UMBC High Performance Computing Facility
Dynamic Coupling of the Water Cycle with Patterns of Urban Growth
UMBC: C. Welty (PI), Andrew Miller, Bernadette Hanlon, Michael P. McGuire, Aditi Bhaskar, Kwabena Gyimah-Asante
Princeton: James Smith (PI), Mary Lynn Baeck
Shippensburg: Claire Jantz (PI), Scott Drzyzga
LLNL: Reed Maxwell (PI)
USGS: Gary Fisher (PI)
The objective of this project is to link an urban growth model
(SLEUTH) with a fully-coupled, physically-based three-dimensional
hydrologic model (PARFLOW-CLM) to evaluate the effects of growth on
water availability and limits to water supply using the Baltimore
metropolitan region as a case study. The urban growth modeling will
consist of a rigorous and fully validated implementation of the SLEUTH
model coupled with a spatial statistical model of urban suitability and
demographic data. This approach will define a suitability map for urban
land cover based on the conditions that are associated with current
urban land and areas of recent urban land cover change. Landscape
variables, such as soil suitability and non-urban land cover (e.g.

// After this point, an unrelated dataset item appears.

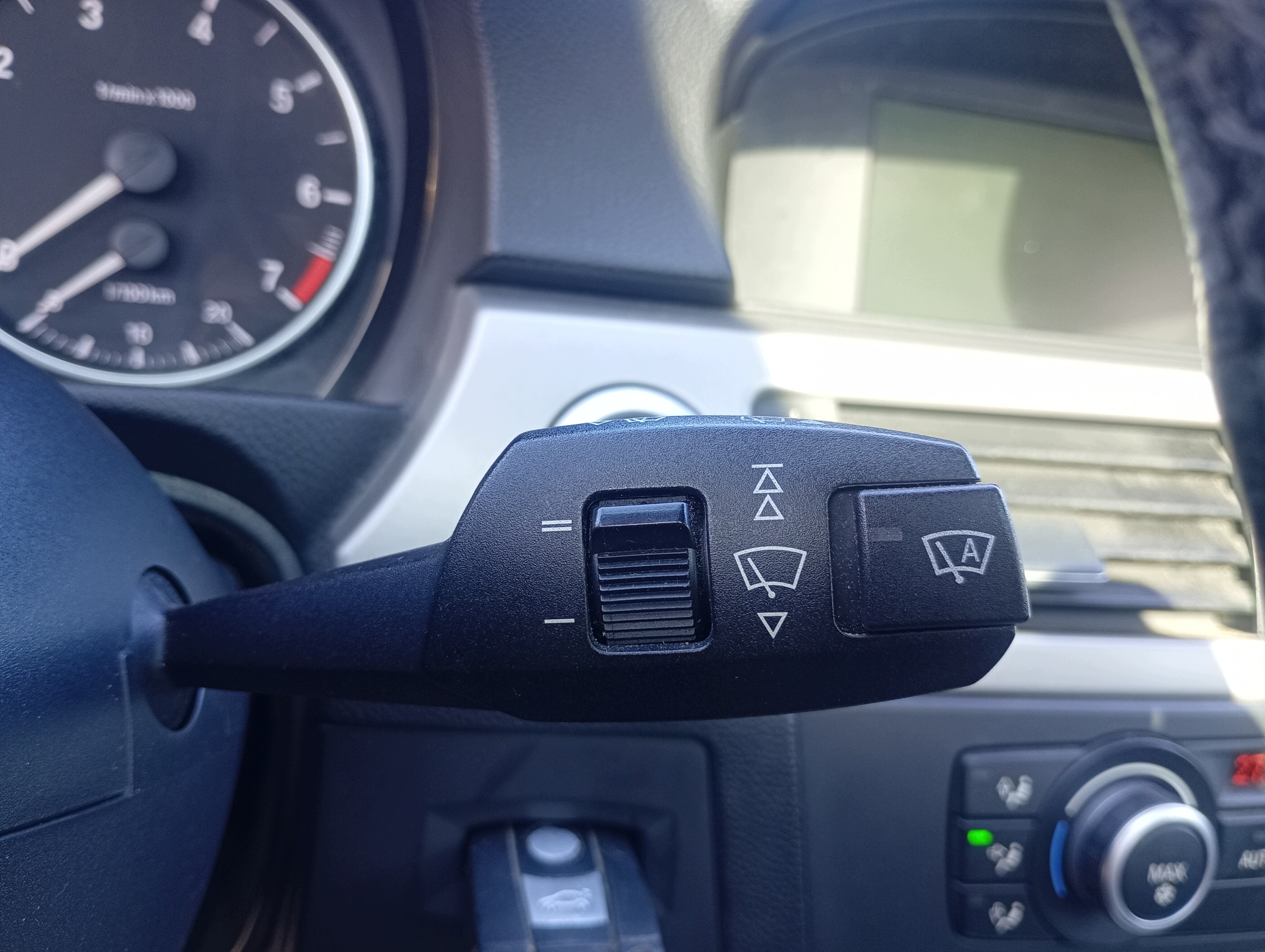 interrupteur commande phares feux zespolony z volant BMW 3 III E91 06-07 2.0 16V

forest and agriculture) will be used to define appropriate conditions
for urbanization. Socio-economic variables, including lands that are
protected through regulatory policies or parks, population density, and
others, will also be included. In addition to providing a platform where
both landscape characteristics and socio-economic variables can be
integrated, this model will provide the opportunity to test and quantify
the influence of each of these variables in either attracting or
resisting development. Because the model will have a better
representation of the landscape in terms of where development is more or
less likely to occur, we also anticipate an improvement in the model’s
performance. Implementation of the hydrologic component of the project
will include intensive field studies at the local scale that will focus
on a single highly urbanized watershed, Dead Run, which is a tributary
to the Gwynns Falls, the primary study watershed of the Baltimore
Ecosystem Study NSF-funded long-term ecological research site. Detailed
process studies will be carried out in conjunction with application of
the EPA SWMM model to achieve an integrated understanding of controls on
water stores and fluxes at the subwatershed scale in a highly urbanized
area. Subwatershed fine-scale modeling results results will then be used
to determine large-scale effective properties as inputs to PARFLOW CLM
of the entire metropolitan region. Combining a physically-based regional
hydrologic model with an urban growth model will allow an assessment of
the coupled feedbacks between growth projections (and the socio-economic
variables that affect growth) and surface and subsurface water
resources. Changes in stream baseflow and groundwater availability may
in turn influence regulatory decisions on development permits in exurban
areas.
A long-term goal of hydrologic modeling activities in the Baltimore
region is to establish an “end-to-end system” of field-deployed sensors
and sensor networks feeding real-time data into hydrologic models to
enable prediction of water fluxes in streams and aquifers. One objective
is to understand how the urban landscape and infrastructure partitions
water in the components of the hydrologic cycle. This understanding is
critical to quantifying biogeochemical cycles, a main focus of the BES
LTER. This project will advance our objective of tying smaller-scale,
process-based studies to a larger scale regional understanding of how
the water cycle operates. This project will also advance several
long-term goals for urban land cover modeling. Most significantly will
be an opportunity to develop the links between urbanization and
hydrologic systems in a spatially explicit context. The importance of
water resource management to serve the public interest is a topic of
growing importance to the State of Maryland precisely because of
stresses induced by patterns of growth but with inadequate tools and
insufficient data currently available to support decision-making. This
work will help to close that gap. This effort is also of interest to the
Chesapeake Bay program, in its work toward addressing questions about
critical thresholds – e.g., when a critical threshold is reached and
why, and what needs to be done to reach a sustainable condition.
Interaction with state and local agency personnel will be carried out in
order to incorporate their questions and policy concerns into modeling
scenarios and to discuss the implications of our findings.